REYNOSA - Mexican auto suppliers mull an uncertain future with vehicle sales at record lows and two automakers in bankruptcy.

The world's sputtering car industry is already choking maquiladoras in Reynosa and across Mexico's northern border, contributing to a 5.3 percent decline in employment in the Mexican state of Tamaulipas, according to a report from the Federal Reserve Bank of Dallas released Wednesday.

Orders for parts have fallen abruptly, forcing factories to halt production an average of 40 percent, said Alberto Murga Garcia, a Monterrey-based lawyer specializing in maquiladora law with the U.S. law firm of Miller Canfield who is familiar with the situation in Reynosa.

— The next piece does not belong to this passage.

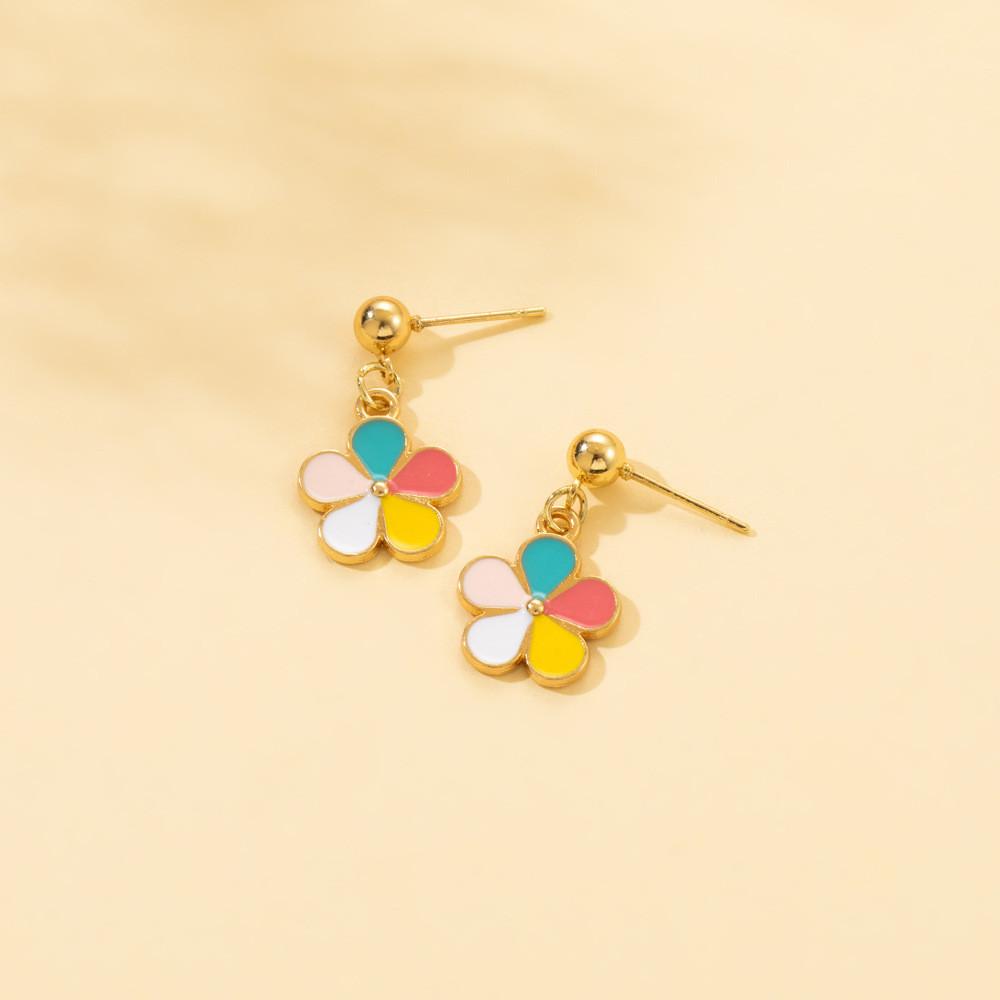 Trendy Colorful Floral Earrings Simple Alloy Design Stylish Street Fashion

"The effect has been very dramatic among all parts of the industry, even those that are specialized with European or Japanese manufacturers," Murga said. "It was one big wave that happened within three months."

Job loss in Mexico's northern states has been dramatic, and on pace with the level of loss in the 2001 recession, according to the Federal Reserve report. In Chihuahua employment fell by 10.4 percent while in Baja California it fell by 7 percent. Job loss among maquiladoras could have been worse here too, but employers struck deals with unions to retain workers, but cut hours, said Otto H. Sampogna, a Monterrey-based attorney, specializing in maquiladora law.

The decline in maquiladora employment could still ripple across the border, with managers and others who live in the U.S. losing jobs. And with factories shipping fewer goods, it could result in a decline in the logistics and shipping industry on this side of the border. But so far, jobs in transportation and manufacturing on the American side have remained steady through much of the recession, according to data from the Texas Workforce Commission.

Until recently, the situation in Reynosa was similar as the city continued adding jobs through the early parts of the recession, said Pat Townsend, president and chief executive officer of the Mission Economic Development Corp. But the diversified manufacturing base could only weather the onslaught for so long.

"Reynosa has done an exceptional job in the balance (of the manufacturers) that have been attracted," he said. "(But) it doesn't really matter anymore."

Of the close to 170 maquiladoras in Reynosa, more than 50 supply some segment of the automotive industry. Most companies are subsidiaries of American conglomerates, but many are from around the world.

With manufacturers producing fewer automobiles, they need fewer parts to make those automobiles: brakes, air conditioning systems and steering wheels among a litany of other parts produced in Reynosa. Separately, the collapse of U.S. manufacturing during the recession caused further job loss among consumer electronic manufacturers, researchers found.

Troubled auto supplier Delphi Automotive Systems runs six maquiladoras in the border town. Takata Mexico, a Japanese airbag and seatbelt manufacturer that analysts said has performed well this recession, has one.

However, factories in Mexico are better poised to weather the recession than their American counterparts, said Jim Gillette, an analyst and consultant with CSM Worldwide, a firm specializing in auto market forecasting and advising. American factories generally have higher fixed capital costs that can not be easily reduced while Mexican factories can quickly reduce their overhead by cutting back on labor hours, Gillette said.

It's a grim assessment, Gillette said. The factory might survive, but by shedding jobs.

"Of all the suppliers in North America, about half of them are still in pretty good shape financially," he said. "Probably ... 12.5 percent (of suppliers) will be liquidated or bought by someone else or be a much different company then they are today."